В соседней комнате Клара и Пьер слушали сообщения о его бегстве по радио. По мнению Клары, был единственный способ вернуть его к жизни — скорейшее возвращение на сцену. Она немедленно вспомнила единственного знакомого ей директора балетной труппы — Раймундо де Ларрена.
Сообразительный Раймундо сразу понял ценность Нуреева и охотно предложил контракт. Хотя в высшей степени эксцентричная маркиза де Куэвас подумывала раз и навсегда распустить труппу, Раймундо удалось уговорить ее остаться патронессой и выписать Рудольфу жалованье в восемь тысяч долларов в месяц, в результате чего он стал самым высокооплачиваемым танцовщиком в мире. Рудольф и Раймундо вместе оговаривали этот гонорар. Рудольф уже понял, как надо оценивать свой творческий капитал. Оказавшись во Франции, он всего за несколько недель обучился западному языку. «Здесь, на Западе, я собираюсь просить столько денег, сколько могу получить, — через два месяца скажет он репортеру, демонстрируя деловую смекалку, которая превратит его в богатейшего в мире танцовщика, — потому что количество получаемых денег определяет, чего ты стоишь».
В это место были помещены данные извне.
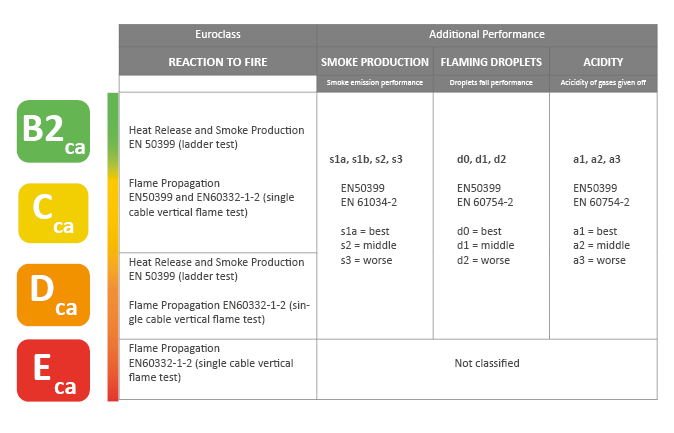 CPR- Table CPR table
Надеясь сколотить капитал на своих расходах, Раймундо хотел, чтобы Рудольф дебютировал в труппе де Куэваса в «Спящей красавице» 23 июня, в тот же вечер, когда должен был состояться его дебют на гастролях Кировского в Лондоне, и в том же балете. «Это великолепно, необычайно, — взволнованно сообщал Раймундо Кларе. — Мы устроим его специальный вечер. Давайте прямо сейчас сообщим прессе». Клара предупредила его, что Рудольф в опасности, и сказала «пока не надо». Лакотт отнесся к восторгам Раймундо скептически. «Как только он понял, какая чудесная будет реклама у его сезона, совсем позабыл, как называл Рудольфа «мужиком».
17 июня 1961 года, Париж — Лондон
Через двадцать четыре часа после бегства новости о Нурееве заняли первые страницы газет всего мира. Эта история оказалась великолепным подарком для телевизионных программ новостей, сыгравших решающую роль в выборах американского президента в 1960 году и превративших в звезду президента Джона Ф. Кеннеди. Теперь, куда ни глянь, везде красовался Нуреев, первый танцовщик, попавший, по словам Дэвида Холберстома, «в блестящую сферу средств массовой информации», которой предстоит «достичь высшей точки почти через три десятилетия, когда журнал «Пипл» стал привлекать больше рекламодателей, чем «Тайм», его старший и более традиционный собрат». В бегстве Нуреева присутствовали все элементы грандиозной истории, и что лучше всего для жадных работников прессы, она имела продолжение. Одни публикации порождали следующие, и по мере роста интереса к Рудольфу публика желала знать о нем больше и больше.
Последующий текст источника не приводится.